Some workflows benefit from processing more than one CUDA kernel on a GPU concurrently, as a single kernel is not sufficient to keep the GPU fully utilized. NVIDIA’s Multi-Process Service (MPS) enables this capability on modern NVIDIA GPUs like the V100s on Casper.

Consider using MPS when you are requesting more MPI tasks than physical GPUs. Particularly for jobs with large problem sizes, using multiple MPI tasks with MPS active can sometimes offer a performance boost over using a single task per GPU.

The PBS job scheduler provides MPS support via a chunk-level resource.

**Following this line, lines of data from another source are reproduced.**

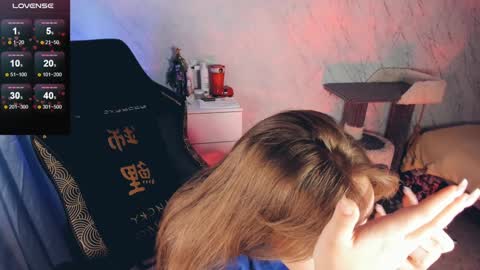 Snapshot of bellezza_ chatting on January 12, 2025, 7:00 am Your Annabelle Wolf  online show from January 12, 2025, 7:00 am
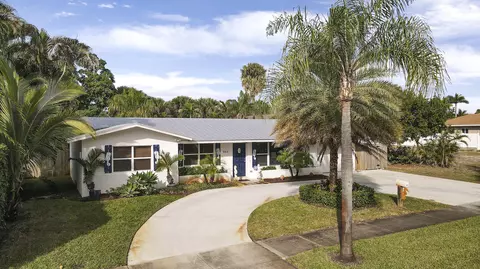 833 Westwind Dr, North Palm Beach, FL 33408
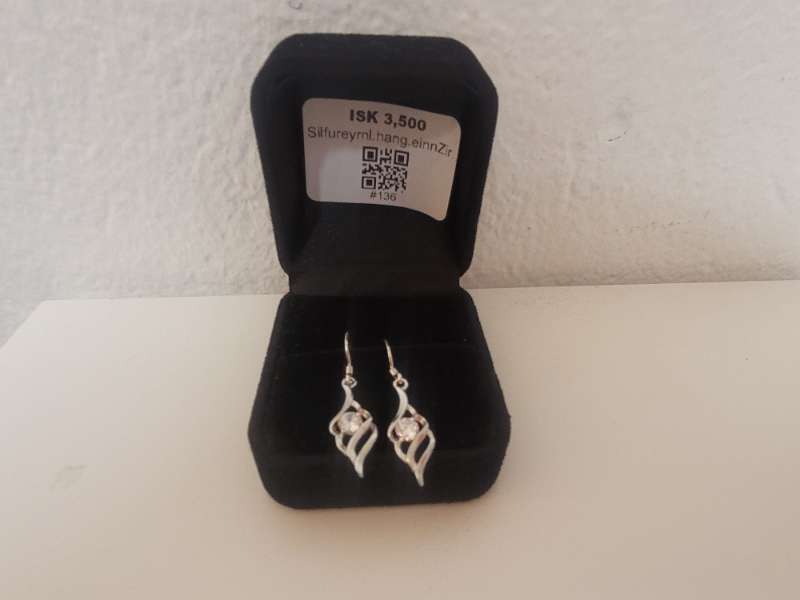 Silfureyrnl.hang.einnZirkonst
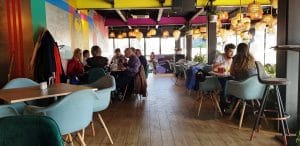 Aici, restaurant pe malul Dambovitei pe Splai langa Biblioteca Nationala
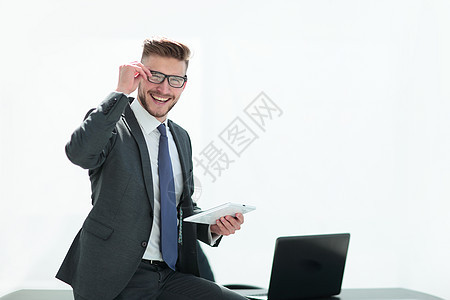 使用数字平板电脑的负责任的商务人士老板助手药片笔记本眼镜经理男性男人桌子领带图片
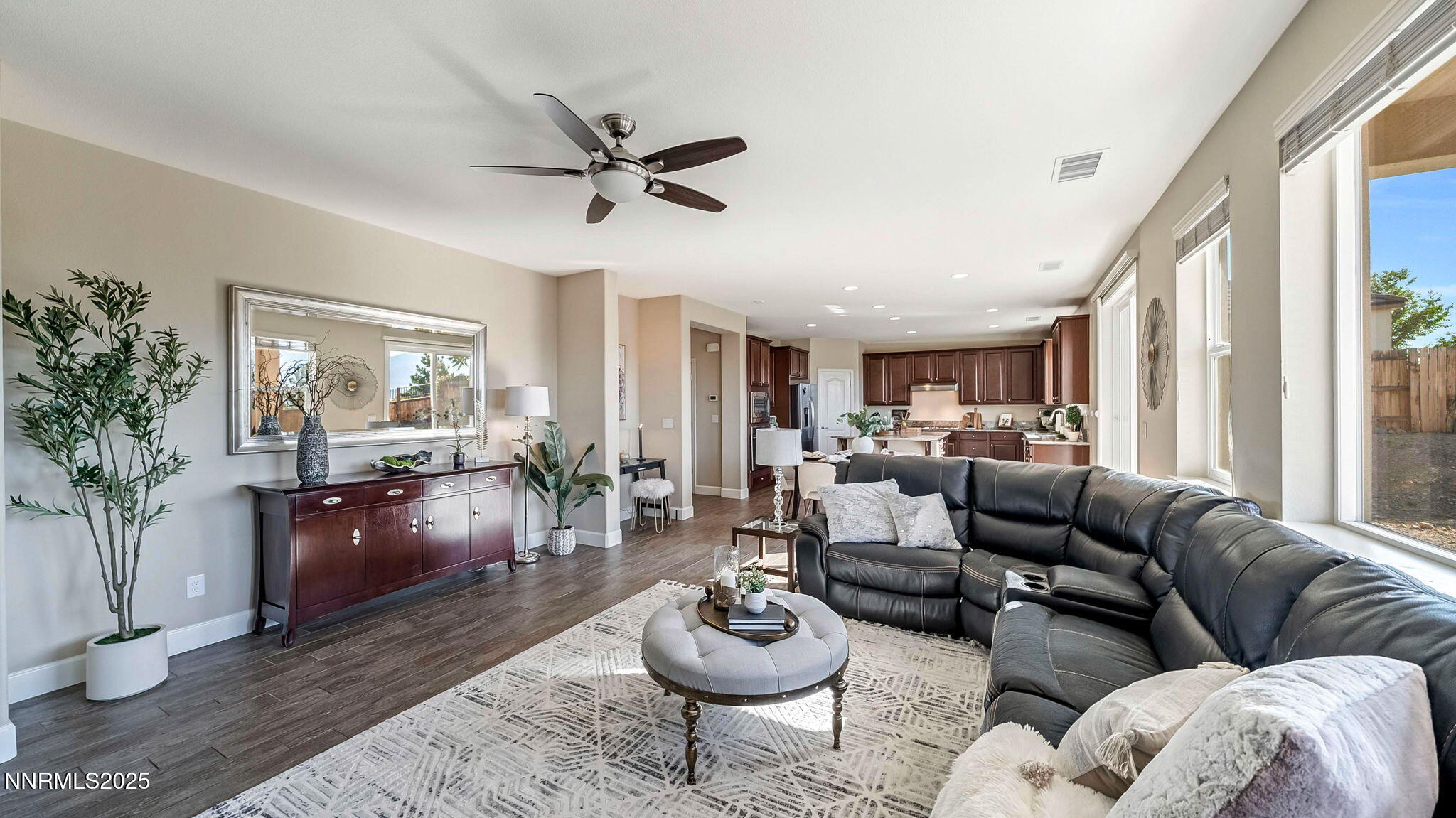 47-DSC08441_2_3_5-Edit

When you request MPS, PBS will perform the following steps on each specified chunk:

  1. Launch the MPS control daemon on each job node.
  2. Start the MPS server on each node.
  3. Run your GPU application.
  4. Terminate the MPS server and daemon.

To enable MPS on job hosts, add mps=1 to your select statement chunks as follows:

#PBS -l select=1:ncpus=8:mpiprocs=8:mem=60GB:ngpus=1:mps=1

On each V100 GPU, you may use MPI to launch up to 48 CUDA contexts (GPU kernels launched by MPI tasks) when using MPS. MPS can be used with OpenACC and OpenMP offload codes as well, as the compiler generates CUDA code from your directives at compile time.

Jobs may not request MPS activation on nodes with GP100 GPUs.

Batch job script example

Running an MPI-enabled GPU application on Casper

In this example, we run a CUDA Fortran program that also uses MPI. The application was compiled using the NVIDIA HPC SDK compilers, the CUDA toolkit, and Open MPI. We request all GPUs on each node and use NVIDIA MPS to use multiple MPI tasks on CPU nodes for each GPU.

#!/bin/bash
#PBS -A project_code
#PBS -N gpu_mps_job
#PBS -q casper@casper-pbs
#PBS -l walltime=01:00:00
#PBS -l select=2:ncpus=36:mpiprocs=36:ngpus=4:mem=300GB:mps=1
#PBS -l gpu_type=v100

# Use scratch for temporary files to avoid space limits in /tmp
export TMPDIR=/glade/scratch/$USER/temp
mkdir -p $TMPDIR

# Load modules to match compile-time environment
module purge
module load ncarenv nvhpc/22.5 cuda/11.4 openmpi/4.1.4

# Run application using Open MPI
mpirun ./executable_name